Dr. Susan Sonnenschein

About the authors:

Dr. Michele Stites is an Assistant Professor in the Department of Education at the University of Maryland Baltimore County (UMBC). She received her Ed.D. in Curriculum and Instruction/Special Education from the George Washington University and her M.Ed. in special education from the University of Maryland College Park. Prior to her appointment at UMBC, she was the early childhood intervention specialist for a large school system in Maryland. Dr. Stites was an early childhood classroom teacher for 10 years working in both general and special education settings. Dr. Stites’ research interests focus on inclusive mathematics teaching practices and young children’s mathematics learning. As an assistant professor at UMBC she also works closely with teacher candidates. Dr. Stites has been widely published in both scholarly and practitioner-focused journals.

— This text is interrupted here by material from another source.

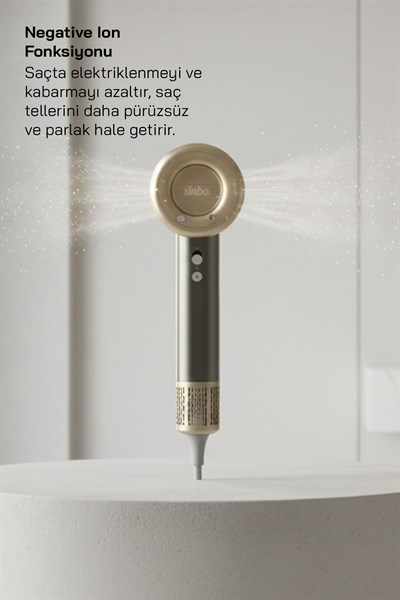 Sinbo SHD 1726 Saç Kurutma Mak. 1600W BLDC Turbo Motor, 3 Hız 4 Sıcaklık Ayarlı, 360°Manyetik Başlık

Dr. Susan Sonnenschein is a Professor in the Psychology Department at UMBC and the Graduate Program Director of the Applied Developmental Psychology Doctoral program. She received an M.S. degree from Penn State University in Educational Psychology, a Ph.D. in Developmental Psychology from Stony Brook University, and is a certified (state of Maryland) school psychologist. Her research interests focus on factors that promote children’s educational success. She conducts research on family and school-based factors and how they affect children from different demographic backgrounds. In addition to having several hundred scholarly publications and presentations, she has written blogs and summaries of her research for nonprofessional audiences. One focusing on math activities to do with young children was published in the Conversation in 2018, http://theconversation.com/5-math-skills-your-child-needs-to-get-ready-for-kindergarten-103194

The learning activities young children engage in at home lead to better academic skills. We know that children who read different types of books at home are more likely to develop foundational literacy skills (Sénéchal & LeFevre, 2002; Serpell et al., 2005). And, many parents are confident that they know how to help their children learn to read (Sonnenschein, et.al., 2021). But what about math? How comfortable are parents with fostering their children’s math skills at home?

We recently asked 236 parents of preschoolers how confident they were assisting their children with reading and math skills at home. And, what we found was not surprising. Most parents thought it was very important for their children to read (86%) and do math activities at home (68%). However, they viewed reading as more important than math. Why do they view reading as more important? It may have to do with confidence. Only 32% of parents in our study reported that they were very confident in their ability to support their child’s math learning.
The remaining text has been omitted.